--- Description of the task ---
Print all entries precisely as they are written.

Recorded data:
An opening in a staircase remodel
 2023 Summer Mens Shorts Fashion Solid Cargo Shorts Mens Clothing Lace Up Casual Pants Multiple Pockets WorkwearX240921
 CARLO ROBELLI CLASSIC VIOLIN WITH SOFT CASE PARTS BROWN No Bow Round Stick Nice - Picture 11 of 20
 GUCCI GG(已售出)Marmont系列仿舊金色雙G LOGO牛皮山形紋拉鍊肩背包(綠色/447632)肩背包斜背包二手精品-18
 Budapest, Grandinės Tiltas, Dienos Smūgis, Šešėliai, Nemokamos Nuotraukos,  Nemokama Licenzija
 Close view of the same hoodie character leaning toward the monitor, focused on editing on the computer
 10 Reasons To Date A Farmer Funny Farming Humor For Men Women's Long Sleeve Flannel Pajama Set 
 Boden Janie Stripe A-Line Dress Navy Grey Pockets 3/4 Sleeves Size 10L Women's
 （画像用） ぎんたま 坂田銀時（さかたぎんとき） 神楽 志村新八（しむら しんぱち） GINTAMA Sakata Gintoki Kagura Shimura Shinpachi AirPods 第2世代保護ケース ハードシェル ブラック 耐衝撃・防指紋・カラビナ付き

--- Problem solution ---
An opening in a staircase remodel
 2023 Summer Mens Shorts Fashion Solid Cargo Shorts Mens Clothing Lace Up Casual Pants Multiple Pockets WorkwearX240921
 CARLO ROBELLI CLASSIC VIOLIN WITH SOFT CASE PARTS BROWN No Bow Round Stick Nice - Picture 11 of 20
 GUCCI GG(已售出)Marmont系列仿舊金色雙G LOGO牛皮山形紋拉鍊肩背包(綠色/447632)肩背包斜背包二手精品-18
 Budapest, Grandinės Tiltas, Dienos Smūgis, Šešėliai, Nemokamos Nuotraukos,  Nemokama Licenzija
 Close view of the same hoodie character leaning toward the monitor, focused on editing on the computer
 10 Reasons To Date A Farmer Funny Farming Humor For Men Women's Long Sleeve Flannel Pajama Set 
 Boden Janie Stripe A-Line Dress Navy Grey Pockets 3/4 Sleeves Size 10L Women's
 （画像用） ぎんたま 坂田銀時（さかたぎんとき） 神楽 志村新八（しむら しんぱち） GINTAMA Sakata Gintoki Kagura Shimura Shinpachi AirPods 第2世代保護ケース ハードシェル ブラック 耐衝撃・防指紋・カラビナ付き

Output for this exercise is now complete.